:: Task brief ::
Copy each line of the records below that has "Hill" in it.

:: Source material ::
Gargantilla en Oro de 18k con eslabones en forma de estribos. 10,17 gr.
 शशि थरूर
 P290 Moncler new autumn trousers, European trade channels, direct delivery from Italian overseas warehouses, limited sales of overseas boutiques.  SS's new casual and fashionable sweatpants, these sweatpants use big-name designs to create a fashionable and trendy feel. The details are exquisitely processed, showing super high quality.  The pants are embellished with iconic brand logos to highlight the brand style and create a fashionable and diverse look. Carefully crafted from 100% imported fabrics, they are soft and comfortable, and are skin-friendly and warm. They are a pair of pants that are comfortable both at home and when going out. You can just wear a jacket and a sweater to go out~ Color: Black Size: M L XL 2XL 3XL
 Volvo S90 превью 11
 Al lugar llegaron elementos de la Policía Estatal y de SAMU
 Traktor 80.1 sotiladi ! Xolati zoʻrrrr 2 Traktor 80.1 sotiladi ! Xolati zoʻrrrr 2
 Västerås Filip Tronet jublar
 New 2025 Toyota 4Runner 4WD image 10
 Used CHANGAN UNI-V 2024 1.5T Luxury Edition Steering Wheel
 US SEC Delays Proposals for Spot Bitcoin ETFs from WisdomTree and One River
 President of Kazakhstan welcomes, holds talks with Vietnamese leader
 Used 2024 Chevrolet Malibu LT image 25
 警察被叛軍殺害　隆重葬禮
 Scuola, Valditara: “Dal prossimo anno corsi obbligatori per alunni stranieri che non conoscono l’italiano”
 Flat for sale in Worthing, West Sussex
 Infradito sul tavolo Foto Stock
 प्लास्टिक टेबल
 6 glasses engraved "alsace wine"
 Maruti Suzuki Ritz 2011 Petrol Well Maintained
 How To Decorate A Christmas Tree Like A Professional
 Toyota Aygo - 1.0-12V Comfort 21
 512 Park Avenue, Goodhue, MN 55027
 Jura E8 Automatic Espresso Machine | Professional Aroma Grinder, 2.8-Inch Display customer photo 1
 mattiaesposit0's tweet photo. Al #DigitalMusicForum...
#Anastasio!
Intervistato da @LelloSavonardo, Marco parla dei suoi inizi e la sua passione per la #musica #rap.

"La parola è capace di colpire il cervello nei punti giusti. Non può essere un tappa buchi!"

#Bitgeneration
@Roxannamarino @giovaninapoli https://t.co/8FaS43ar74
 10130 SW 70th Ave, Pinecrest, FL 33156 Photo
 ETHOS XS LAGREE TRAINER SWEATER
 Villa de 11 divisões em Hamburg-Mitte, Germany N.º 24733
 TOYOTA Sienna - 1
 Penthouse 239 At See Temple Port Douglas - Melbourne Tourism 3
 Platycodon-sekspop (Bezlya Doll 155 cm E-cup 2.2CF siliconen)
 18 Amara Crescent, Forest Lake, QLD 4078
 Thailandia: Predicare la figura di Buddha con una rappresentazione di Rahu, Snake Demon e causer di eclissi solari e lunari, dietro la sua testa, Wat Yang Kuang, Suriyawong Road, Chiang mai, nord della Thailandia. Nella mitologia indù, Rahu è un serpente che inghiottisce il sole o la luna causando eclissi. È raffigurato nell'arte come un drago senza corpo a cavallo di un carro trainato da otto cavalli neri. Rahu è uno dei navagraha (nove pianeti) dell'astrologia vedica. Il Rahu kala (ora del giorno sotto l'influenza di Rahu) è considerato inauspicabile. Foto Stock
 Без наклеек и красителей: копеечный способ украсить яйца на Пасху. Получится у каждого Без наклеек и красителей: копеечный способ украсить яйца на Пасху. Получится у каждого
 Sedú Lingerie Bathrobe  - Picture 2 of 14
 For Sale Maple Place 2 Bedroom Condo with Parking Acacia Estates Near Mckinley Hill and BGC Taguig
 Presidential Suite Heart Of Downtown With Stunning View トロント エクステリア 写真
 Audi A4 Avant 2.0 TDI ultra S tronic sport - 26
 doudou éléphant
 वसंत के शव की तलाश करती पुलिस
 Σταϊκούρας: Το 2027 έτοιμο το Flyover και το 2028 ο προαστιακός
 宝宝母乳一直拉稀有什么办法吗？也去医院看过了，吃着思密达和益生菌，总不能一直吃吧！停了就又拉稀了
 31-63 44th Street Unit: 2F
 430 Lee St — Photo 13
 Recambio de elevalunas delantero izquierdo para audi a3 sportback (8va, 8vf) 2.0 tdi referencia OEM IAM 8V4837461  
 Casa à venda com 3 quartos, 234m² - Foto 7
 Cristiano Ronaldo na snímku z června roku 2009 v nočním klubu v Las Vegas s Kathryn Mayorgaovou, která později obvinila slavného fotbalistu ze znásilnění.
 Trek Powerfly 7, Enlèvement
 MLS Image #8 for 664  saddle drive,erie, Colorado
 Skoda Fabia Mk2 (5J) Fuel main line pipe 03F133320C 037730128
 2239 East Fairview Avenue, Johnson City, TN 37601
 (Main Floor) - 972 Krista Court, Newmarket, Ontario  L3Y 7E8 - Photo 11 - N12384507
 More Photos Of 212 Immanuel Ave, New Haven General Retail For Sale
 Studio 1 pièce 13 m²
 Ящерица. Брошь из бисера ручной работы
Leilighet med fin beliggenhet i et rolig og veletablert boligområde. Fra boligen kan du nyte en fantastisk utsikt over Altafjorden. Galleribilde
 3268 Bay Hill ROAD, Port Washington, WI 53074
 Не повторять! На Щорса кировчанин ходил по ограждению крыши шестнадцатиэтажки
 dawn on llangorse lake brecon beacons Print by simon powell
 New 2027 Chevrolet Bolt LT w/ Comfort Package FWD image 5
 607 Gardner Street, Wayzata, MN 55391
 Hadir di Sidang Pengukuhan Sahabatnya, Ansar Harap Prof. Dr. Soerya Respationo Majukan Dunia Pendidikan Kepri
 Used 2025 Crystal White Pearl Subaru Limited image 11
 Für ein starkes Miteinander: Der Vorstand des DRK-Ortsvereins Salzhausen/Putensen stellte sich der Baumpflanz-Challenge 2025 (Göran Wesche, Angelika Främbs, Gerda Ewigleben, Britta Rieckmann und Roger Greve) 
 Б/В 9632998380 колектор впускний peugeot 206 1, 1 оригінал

:: Response to the task ::
 For Sale Maple Place 2 Bedroom Condo with Parking Acacia Estates Near Mckinley Hill and BGC Taguig
 3268 Bay Hill ROAD, Port Washington, WI 53074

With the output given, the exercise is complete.